Lindy Chamberlain-Creighton was charged with the murder of her baby daughter Azaria and sentenced to life in prison in 1982, while her husband Michael was charged with being an accessory after the fact. The court ruled on the scant evidence left behind--the baby's bloodstained clothing--and charged that Lindy and her husband slit the baby's throat with a pair of scissors before stashing her body away. The incident and trial gained national attention and eventually won Meryl Streep an Oscar nomination for her portrayal of Lindy in the 1988 film "A Cry In The Dark".
Lindy served four years of her sentence before being released on new evidence; a baby's jacket found buried near a dingo lair around the area the family had camped in six years earlier. Now, she is relieved to have the case closed on the horrifying death of her baby girl, as she's spent all these years trying to convince Australian officials that dingoes are dangerous even when unprovoked.

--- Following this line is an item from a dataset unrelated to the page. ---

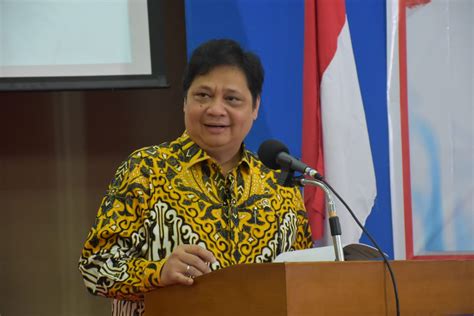 Revolusi pertanian ialah suatu perubahan besar yang berlaku secara mendadak. Menteri Perindustrian Republik Indonesia Beri Kuliah Umum ...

"The cause of her death was as the result of being attacked and taken by a dingo," coroner Elizabeth Morris announced on Tuesday. "Dingos can and do cause harm to humans."
The family finally got what they needed; an end to the decades-long legal battle and rocky emotional road they've been down since the murder. Not only did the wild dog take their baby, it also took the Chamberlain's way of life. Grief and stress dissipated their marriage, but at the coroner's announcement the former husband and wife hugged each other, grateful to have come out on the other side of such a terrible tragedy.
"If you know you are right, never give up on getting it right," Michael Chamberlain said.